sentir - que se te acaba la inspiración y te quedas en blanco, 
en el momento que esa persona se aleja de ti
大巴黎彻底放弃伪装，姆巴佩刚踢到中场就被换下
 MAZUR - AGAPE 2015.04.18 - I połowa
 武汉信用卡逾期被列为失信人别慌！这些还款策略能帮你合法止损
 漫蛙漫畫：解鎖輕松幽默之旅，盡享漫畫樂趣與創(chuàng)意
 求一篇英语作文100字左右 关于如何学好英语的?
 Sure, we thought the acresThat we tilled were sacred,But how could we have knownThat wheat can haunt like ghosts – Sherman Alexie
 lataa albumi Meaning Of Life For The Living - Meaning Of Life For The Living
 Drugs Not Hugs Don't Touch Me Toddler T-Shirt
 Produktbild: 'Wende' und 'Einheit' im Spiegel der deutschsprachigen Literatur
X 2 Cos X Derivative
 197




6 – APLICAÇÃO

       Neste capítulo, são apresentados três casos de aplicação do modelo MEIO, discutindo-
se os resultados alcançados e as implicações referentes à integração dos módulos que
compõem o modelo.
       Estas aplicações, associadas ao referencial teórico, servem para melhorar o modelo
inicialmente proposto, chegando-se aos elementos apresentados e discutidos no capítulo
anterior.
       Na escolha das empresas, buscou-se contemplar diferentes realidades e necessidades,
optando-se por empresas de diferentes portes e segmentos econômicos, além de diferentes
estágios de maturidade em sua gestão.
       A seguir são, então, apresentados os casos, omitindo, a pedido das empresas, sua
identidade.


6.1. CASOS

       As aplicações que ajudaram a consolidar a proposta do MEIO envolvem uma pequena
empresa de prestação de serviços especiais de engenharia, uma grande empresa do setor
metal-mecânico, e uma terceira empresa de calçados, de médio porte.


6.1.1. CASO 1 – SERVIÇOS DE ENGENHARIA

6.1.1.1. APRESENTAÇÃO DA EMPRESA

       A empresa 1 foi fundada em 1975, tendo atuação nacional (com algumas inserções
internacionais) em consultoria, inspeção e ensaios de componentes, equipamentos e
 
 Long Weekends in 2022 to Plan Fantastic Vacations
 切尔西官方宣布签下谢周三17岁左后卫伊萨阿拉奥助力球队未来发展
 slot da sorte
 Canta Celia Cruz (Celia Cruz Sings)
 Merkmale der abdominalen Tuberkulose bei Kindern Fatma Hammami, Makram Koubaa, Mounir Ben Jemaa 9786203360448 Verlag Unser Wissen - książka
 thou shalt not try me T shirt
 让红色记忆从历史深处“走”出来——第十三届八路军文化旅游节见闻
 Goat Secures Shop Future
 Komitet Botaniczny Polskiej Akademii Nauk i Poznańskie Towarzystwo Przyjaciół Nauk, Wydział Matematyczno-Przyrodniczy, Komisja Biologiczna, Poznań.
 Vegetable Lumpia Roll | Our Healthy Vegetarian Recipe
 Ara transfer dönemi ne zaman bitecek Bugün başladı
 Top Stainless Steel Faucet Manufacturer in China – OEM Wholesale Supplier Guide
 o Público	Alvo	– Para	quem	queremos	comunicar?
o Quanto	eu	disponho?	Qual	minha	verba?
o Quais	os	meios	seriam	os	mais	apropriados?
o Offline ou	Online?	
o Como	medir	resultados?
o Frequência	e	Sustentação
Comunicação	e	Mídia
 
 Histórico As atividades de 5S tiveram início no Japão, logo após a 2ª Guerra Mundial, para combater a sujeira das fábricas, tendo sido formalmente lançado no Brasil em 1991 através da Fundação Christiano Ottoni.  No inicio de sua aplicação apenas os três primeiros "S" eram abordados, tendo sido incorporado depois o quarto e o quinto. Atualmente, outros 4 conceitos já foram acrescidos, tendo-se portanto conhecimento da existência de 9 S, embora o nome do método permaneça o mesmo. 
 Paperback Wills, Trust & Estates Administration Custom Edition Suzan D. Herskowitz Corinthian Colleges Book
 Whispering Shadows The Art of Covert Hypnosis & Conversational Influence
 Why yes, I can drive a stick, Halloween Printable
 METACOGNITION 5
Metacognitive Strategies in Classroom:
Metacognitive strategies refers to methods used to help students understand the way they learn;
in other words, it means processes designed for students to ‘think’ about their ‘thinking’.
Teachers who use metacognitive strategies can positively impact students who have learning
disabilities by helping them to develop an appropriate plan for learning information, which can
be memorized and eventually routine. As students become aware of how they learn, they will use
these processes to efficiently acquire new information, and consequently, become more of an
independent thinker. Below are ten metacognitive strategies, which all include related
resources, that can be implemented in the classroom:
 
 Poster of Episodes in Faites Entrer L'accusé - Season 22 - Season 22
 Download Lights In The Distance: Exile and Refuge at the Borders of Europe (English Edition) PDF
-=-=-=-=-
**Work instructions**
Nothing but an exact copy of the lines from the first one above through the line holding "compõem o modelo." should be returned.

**Your solution**
sentir - que se te acaba la inspiración y te quedas en blanco, 
en el momento que esa persona se aleja de ti
大巴黎彻底放弃伪装，姆巴佩刚踢到中场就被换下
 MAZUR - AGAPE 2015.04.18 - I połowa
 武汉信用卡逾期被列为失信人别慌！这些还款策略能帮你合法止损
 漫蛙漫畫：解鎖輕松幽默之旅，盡享漫畫樂趣與創(chuàng)意
 求一篇英语作文100字左右 关于如何学好英语的?
 Sure, we thought the acresThat we tilled were sacred,But how could we have knownThat wheat can haunt like ghosts – Sherman Alexie
 lataa albumi Meaning Of Life For The Living - Meaning Of Life For The Living
 Drugs Not Hugs Don't Touch Me Toddler T-Shirt
 Produktbild: 'Wende' und 'Einheit' im Spiegel der deutschsprachigen Literatur
X 2 Cos X Derivative
 197




6 – APLICAÇÃO

       Neste capítulo, são apresentados três casos de aplicação do modelo MEIO, discutindo-
se os resultados alcançados e as implicações referentes à integração dos módulos que
compõem o modelo.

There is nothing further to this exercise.